D'autres compétent sur la paternité du couscous et l'origine du burnous…
Mazalna b3ad 😔 https://t.co/i9ZOaM8hBi— Lakhdar B. ⵍⴰⵅⴹⴰⵔ ⴱ (@BenzLakhdar) October 22, 2021
Translation: Some are capable of building space stations and pushing the limits of knowledge. Others are responsible for the creation of couscous and burnous…
Mazalna b3ad
Moroccan, not Maghrebian, clothing.
#ProtectMoroccanHeritage
The fact remains that, just like they did with gnawa and the kaftan, the Moroccans have carried out a vast feat of modernisation, of bringing up to date, but also of enhancing the value of certain cultural assets. “Geography probably has something to do with it,” says Achachi. “Morocco is at the crossroads of North Africa and the Western world, a strategic position open to different cultural and civilisational windows, which makes it more inclined to be in a modernising and opening-up mode than other more isolated countries. Heritage is not dead, rigidified in museums, but in permanent evolution, which can embrace the zeitgeist and become contemporary, without betraying itself.”
The authorities are increasingly adopting this logic. “The Kingdom has, for some years, been pursuing a ‘Made in Morocco’ strategy, which will become the cornerstone of Moroccan economic policy. This undoubtedly explains the current approach of the ministry of culture, which is marked by a desire to establish a cultural heritage and legacy, to preserve know-how, in order to benefit from it economically,” says Achachi, a famous polemicist, who hosts the Luxe Radio mornings.

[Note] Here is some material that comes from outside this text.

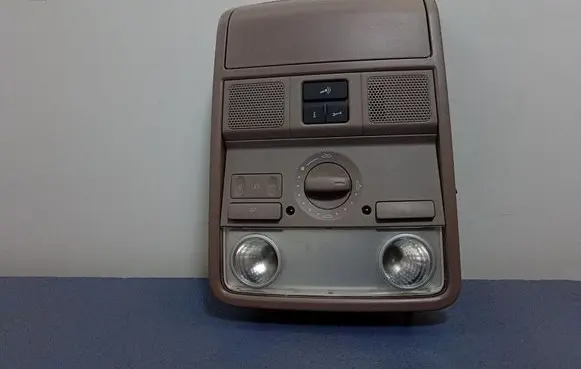 Volkswagen PASSAT B6 Boot/trunk interior light 3C0867489C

Mehdi Bensaid, Morocco’s new culture minister, readily admits that he made this issue one of his top priorities as soon as he took office under the Akhannouch government. “It is, first of all, a desire to recognise our heritage, both tangible and intangible, by establishing a sort of national label for our know-how. This is accompanied by legal mechanisms so that our heritage is recognised, both nationally and internationally (such as at Unesco, for example), as well as digitalising all this knowledge so that it can be accessible to the greatest number of people,” says the young minister.
However, Bensaid denies any desire to counter any foreign offensive. “It is not a question of ‘racifying’ culture, but of highlighting this Moroccan history and know-how, in the same way as there is recognised French, Italian, Japanese and Chinese know-how. The aim of preserving culture is not to close ourselves off from others, to turn in on ourselves, but [to] the contrary, to get to know our history better so that we can move forward, and this work must be done independently of any political vicissitudes,” says the minister. However, on social media, the line between historic preservation and blind nationalism is sometimes very thin.